The portfolio in question consists of a mix of options and forward contracts on TUV, a non-dividend paying stock. The options include 5,000 deep in-the-money call options and 20,000 deep out-of-the-money call options, while the portfolio also contains 10,000 forward contracts. To estimate the 1-day 99% Value-at-Risk (VaR) of the portfolio, we must first understand the delta of each component:

1. Deep in-the-money call options have a delta close to 1, meaning they behave almost like the underlying stock.
2. Deep out-of-the-money call options have a delta close to 0, meaning they have minimal exposure to the underlying stock's price movements.
3. Forward contracts also have a delta of 1, as they obligate the holder to buy or sell the underlying asset at a predetermined price.

Given these deltas, the net delta of the portfolio is calculated as follows:

• The 5,000 deep in-the-money calls contribute a delta of 5,000 (since each option has a delta of approximately 1).
• The 20,000 deep out-of-the-money calls contribute a delta of 0.
• The 10,000 forward contracts contribute a delta of 10,000.

This results in a total delta (Dp) of 15,000 for the portfolio, which is approximately gamma neutral, meaning it has a relatively stable delta across small price changes in TUV.

The 1-day VaR at a 99% confidence level can be estimated using the following formula: $\text{VaR} = a \times S \times Dp \times g \times \sqrt{\frac{1}{T}}$

Where:

• $a$ is the z-score corresponding to the 99% confidence level, which is 2.326.
• $S$ is the price per share of TUV, which is USD 52.
• $Dp$ is the delta of the position, which is 15,000.
• $g$ is the volatility of TUV, which is 12% per year.
• $T$ is the time in years, which for a 1-day period is $\frac{1}{252}$ (assuming 252 trading days in a year).
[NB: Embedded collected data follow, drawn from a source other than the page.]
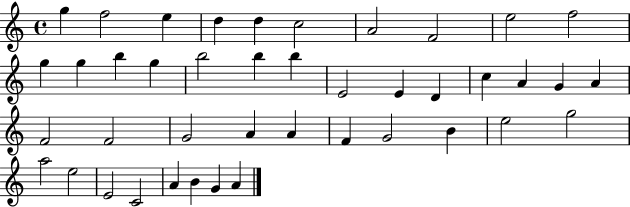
X:1
T:Untitled
M:4/4
L:1/4
K:C
g f2 e d d c2 A2 F2 e2 f2 g g b g b2 b b E2 E D c A G A F2 F2 G2 A A F G2 B e2 g2 a2 e2 E2 C2 A B G A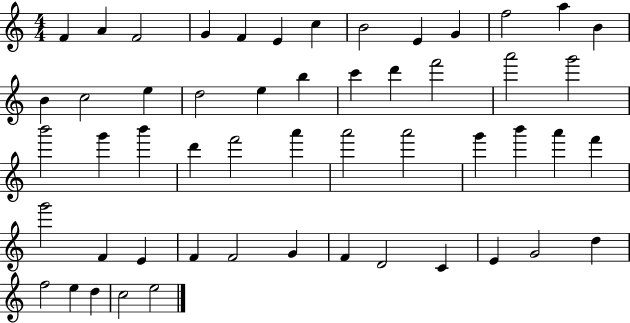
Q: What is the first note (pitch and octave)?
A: F4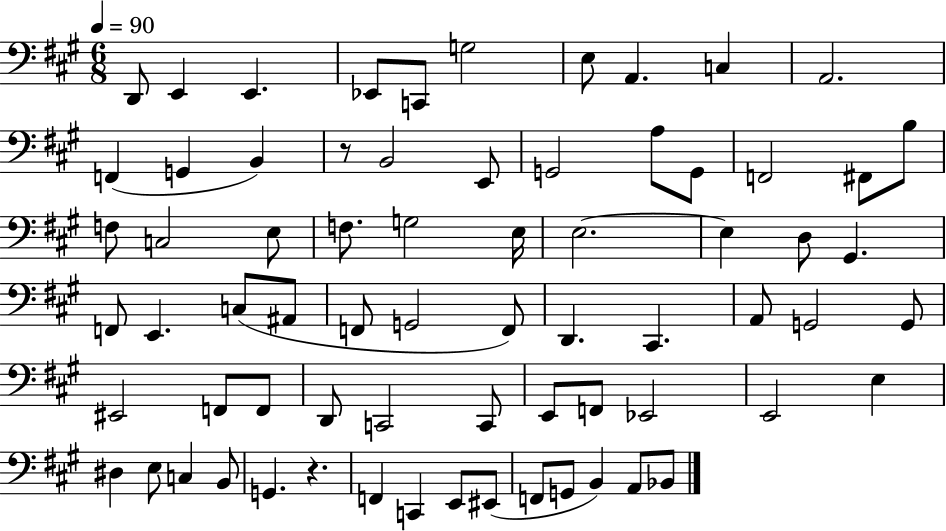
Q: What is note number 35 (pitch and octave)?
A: A#2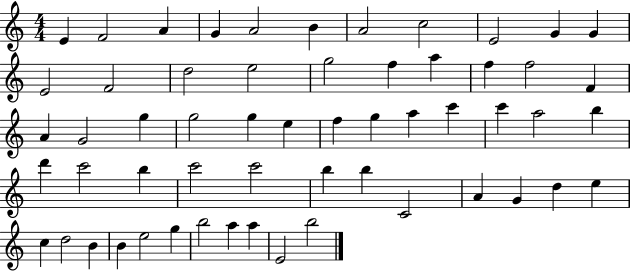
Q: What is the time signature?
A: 4/4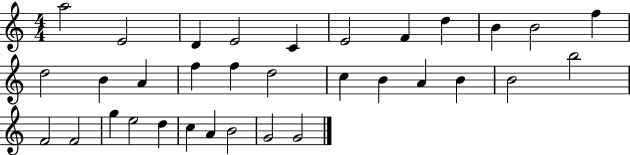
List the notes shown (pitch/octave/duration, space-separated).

A5/h E4/h D4/q E4/h C4/q E4/h F4/q D5/q B4/q B4/h F5/q D5/h B4/q A4/q F5/q F5/q D5/h C5/q B4/q A4/q B4/q B4/h B5/h F4/h F4/h G5/q E5/h D5/q C5/q A4/q B4/h G4/h G4/h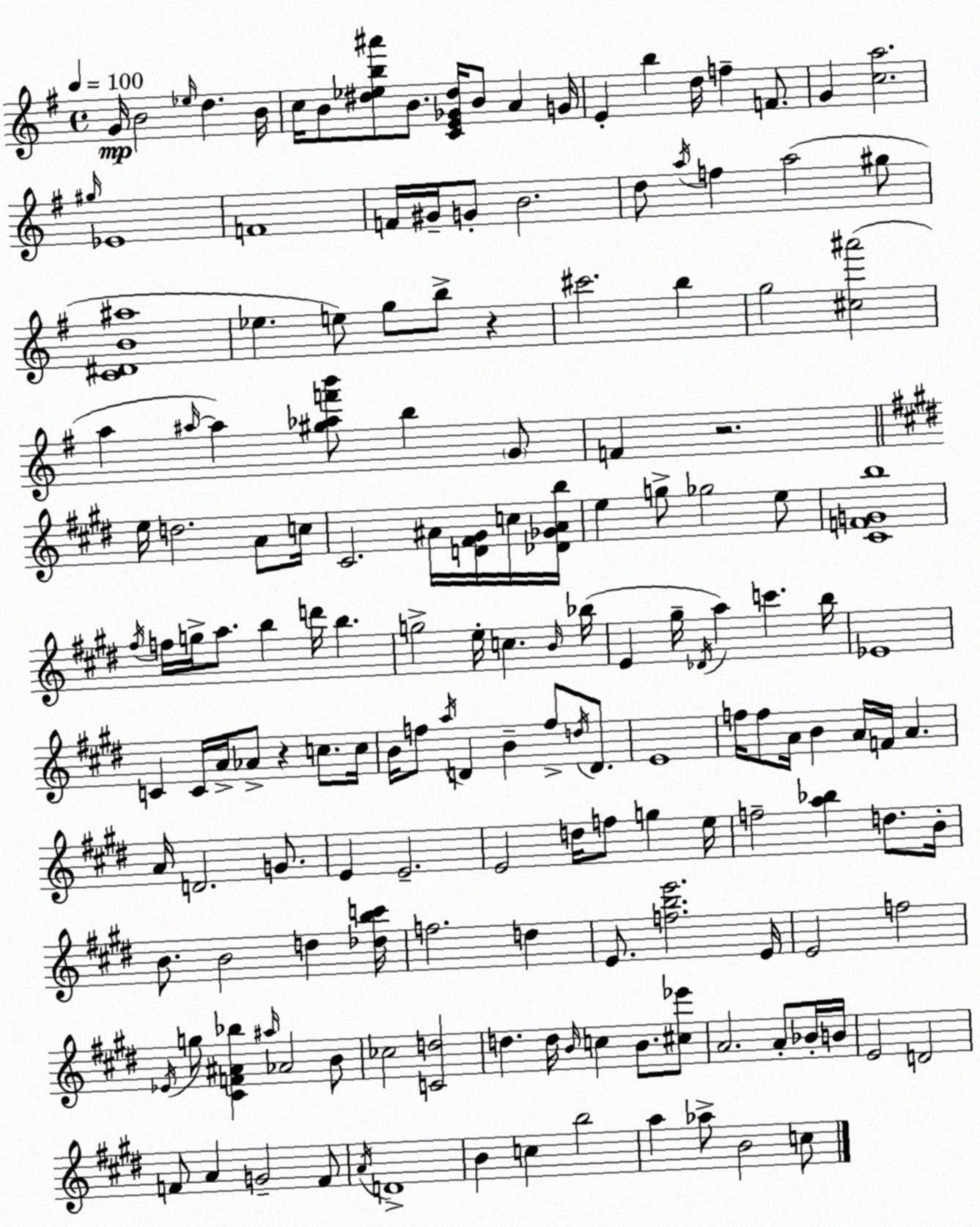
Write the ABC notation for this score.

X:1
T:Untitled
M:4/4
L:1/4
K:Em
G/4 B2 _e/4 d B/4 c/4 B/2 [^d_eb^a']/2 B/2 [CE_G^d]/4 B/2 A G/4 E b d/4 f F/2 G [ca]2 ^g/4 _E4 F4 F/4 ^G/4 G/2 B2 d/2 a/4 f a2 ^g/2 [C^DB^a]4 _e e/2 g/2 b/2 z ^c'2 b g2 [^c^a']2 a ^a/4 ^a [^g_af'b']/2 b G/2 F z2 e/4 d2 A/2 c/4 ^C2 ^A/4 [D^F^G]/4 c/4 [_D_G^Ab]/4 e g/2 _g2 e/2 [^CFGb]4 ^f/4 f/4 g/4 a/2 b d'/4 b g2 e/4 c B/4 _b/4 E ^g/4 _D/4 a c' b/4 _E4 C C/4 A/4 _A/2 z c/2 c/4 B/4 f/2 a/4 D B f/2 d/4 D/2 E4 f/4 f/2 A/4 B A/4 F/4 A A/4 D2 G/2 E E2 E2 d/4 f/2 g e/4 f2 [a_b] d/2 B/4 B/2 B2 d [_dbc']/4 f2 d E/2 [fbe']2 E/4 E2 f2 _E/4 g/2 [^CF^A_b] ^a/4 _A2 B/2 _c2 [Cd]2 d d/4 B/4 c B/2 [^c_e']/2 A2 A/2 _B/4 B/4 E2 D2 F/2 A G2 F/2 A/4 D4 B c b2 a _a/2 B2 c/2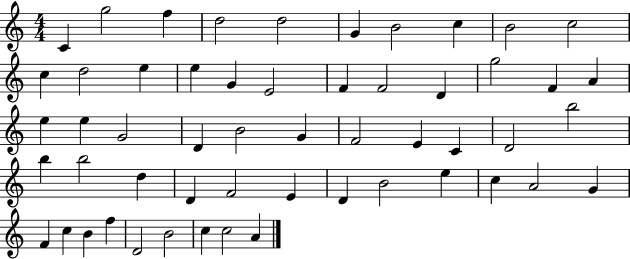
X:1
T:Untitled
M:4/4
L:1/4
K:C
C g2 f d2 d2 G B2 c B2 c2 c d2 e e G E2 F F2 D g2 F A e e G2 D B2 G F2 E C D2 b2 b b2 d D F2 E D B2 e c A2 G F c B f D2 B2 c c2 A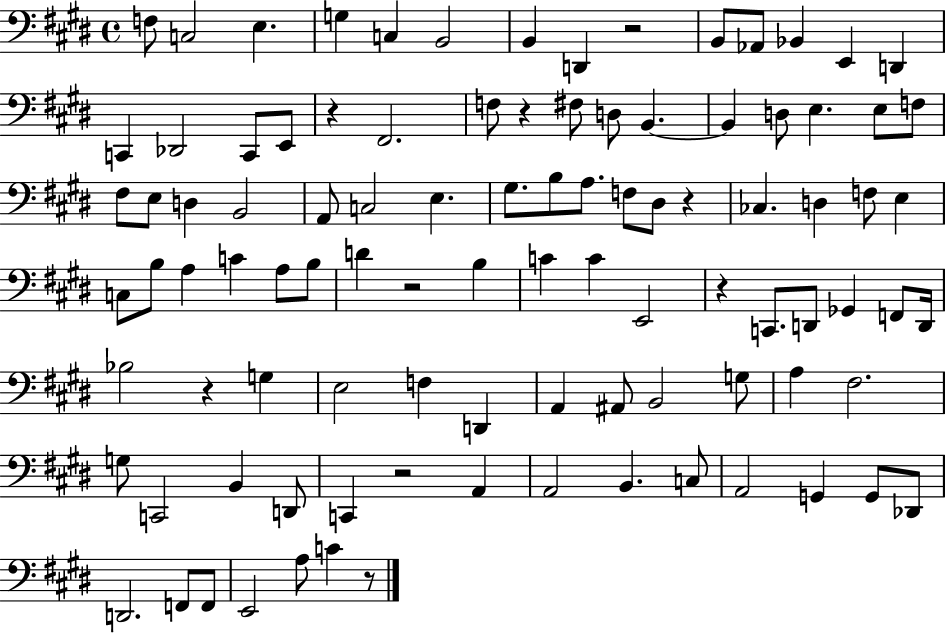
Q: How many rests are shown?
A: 9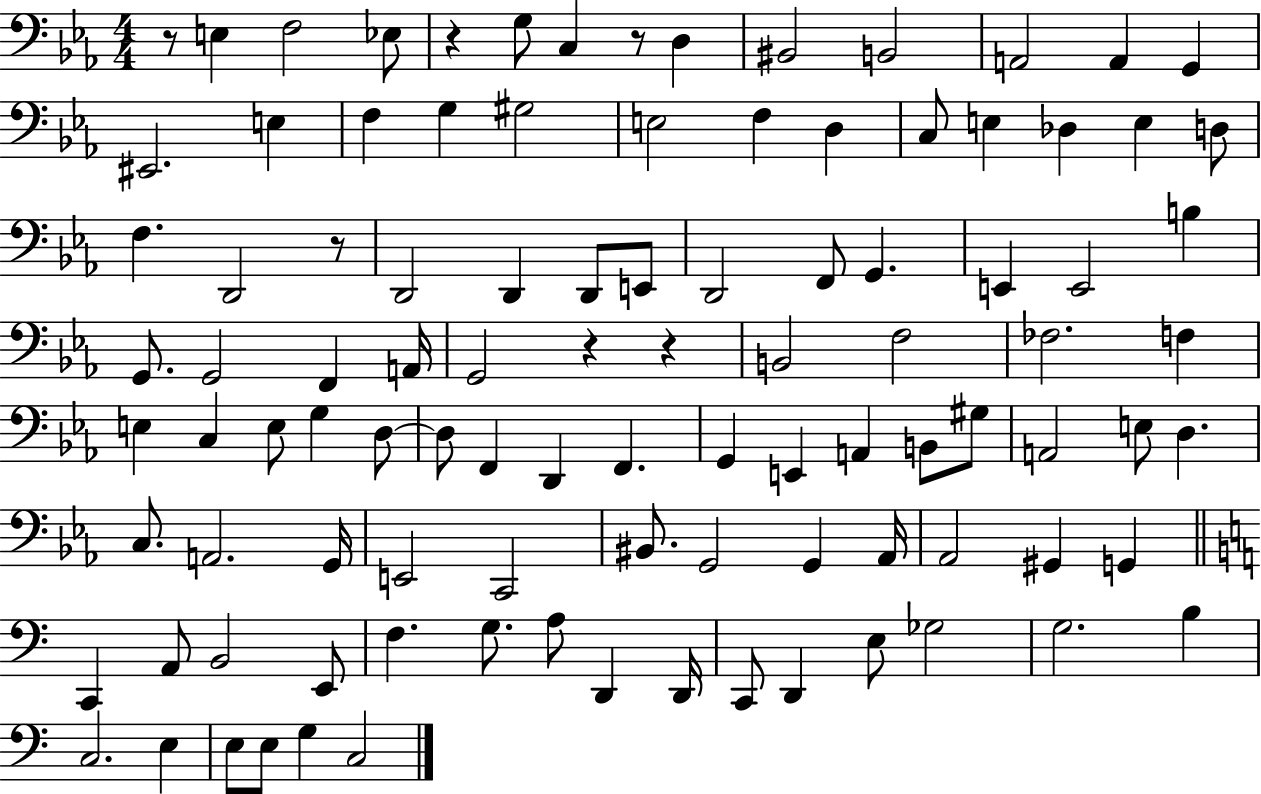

Plugging in the values: $\text{VaR} = 2.326 \times 52 \times 15,000 \times 0.12 \times \sqrt{\frac{1}{252}}$ $\text{VaR} = 13,714.67$

Thus, the closest amount to the 1-day 99% VaR of the portfolio is USD 13,715, which corresponds to option C. This calculation provides an estimate of the maximum loss that the portfolio could experience in one day, with a 99% confidence level, assuming normal market conditions and a lognormal distribution of returns.